FIG. 23 is a flowchart of an inquiry process including a related operation. Particularly, it is a flowchart (2300) of a process up to code generation in the inquiry process. The inquiry sentence is analyzed (311), and if there is no related operation, processing equivalent to that of FIG. 3 is performed. If there is a related operation (230
1) Equivalently convert the query statement into a query statement using an outer join without related operations (2302). Static optimization of related operations is performed from the converted query statement and related information (including the storage state). After that, the process is the same as the process in FIG.

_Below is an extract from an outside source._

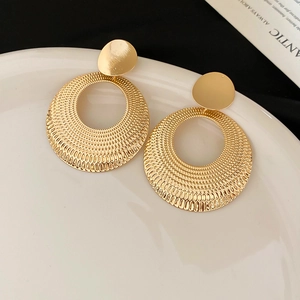 Vue macro de grandes boucles d'oreilles rondes dorées avec textures radiales en relief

FIG. 24 is a flowchart of a process for converting the query sentence including the related operation shown in FIG. 23 into a query sentence using an outer join having no related operation (2302). A table storing related data is added to the table list (2400), and an outer join condition using a reference value as a key is set (2401). Converts a data reference to a column reference in the referenced table.

FIG. 25 is a flowchart of the static optimization of the related operation in FIG. 23 (2303). One measure of static optimization is the storage of related information. First,
The storage information is acquired (2500). A strategy is selected from, for example, the following three states depending on the storage state of the data related to the operation target (2501). (A) All sets of related source and related data are stored in the same node. (B) With some exceptions, a set of related source / destination data is stored in the same node. (C) Stored regardless of the storage method specification.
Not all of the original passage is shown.